**Task instructions**:
Below are entries; repeat exactly, and nothing else, the lines from the one holding "The University of" through the one holding "Luna Putty Ceramic", inclusive. Leave the pictures out.
═══ Supplied records ═══
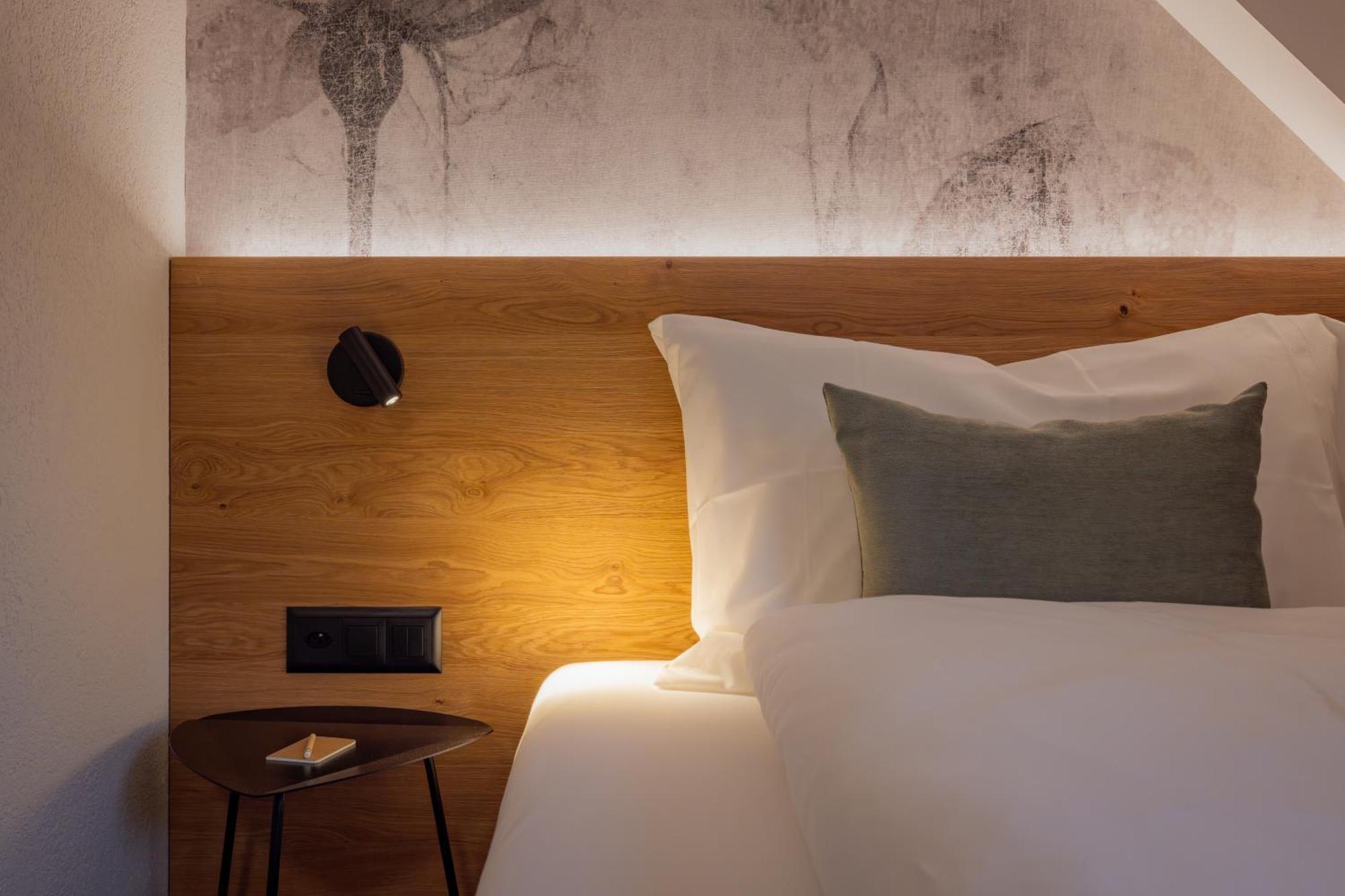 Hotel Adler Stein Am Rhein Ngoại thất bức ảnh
═══
═══ Supplied records ═══
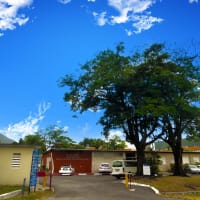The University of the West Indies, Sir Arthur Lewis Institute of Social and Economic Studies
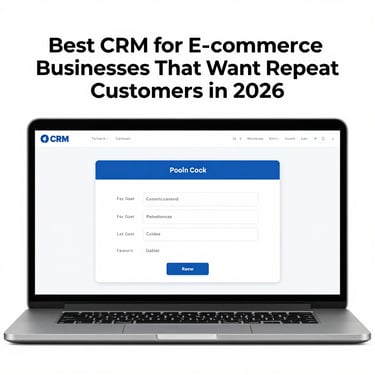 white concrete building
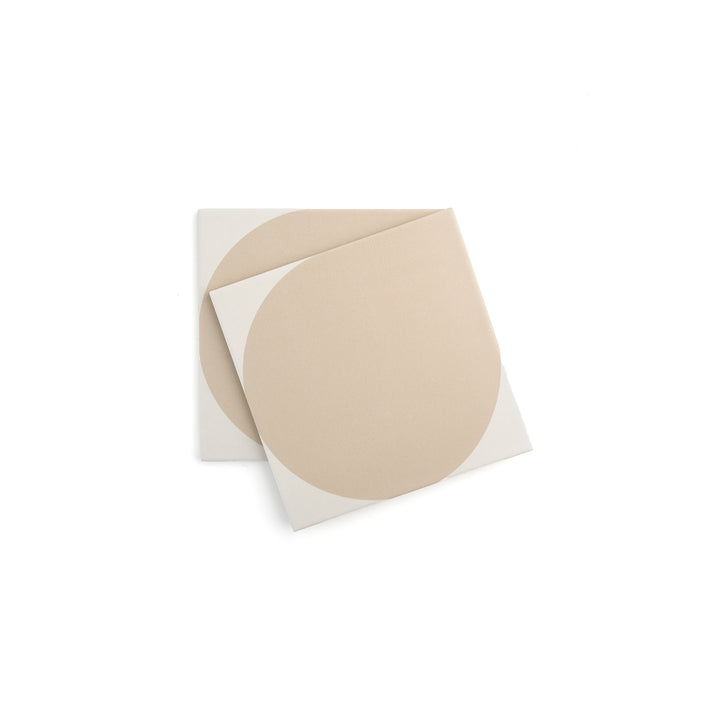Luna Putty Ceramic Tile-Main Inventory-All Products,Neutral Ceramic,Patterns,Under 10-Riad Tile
═══
**Output**:
The University of the West Indies, Sir Arthur Lewis Institute of Social and Economic Studies
 white concrete building
Luna Putty Ceramic Tile-Main Inventory-All Products,Neutral Ceramic,Patterns,Under 10-Riad Tile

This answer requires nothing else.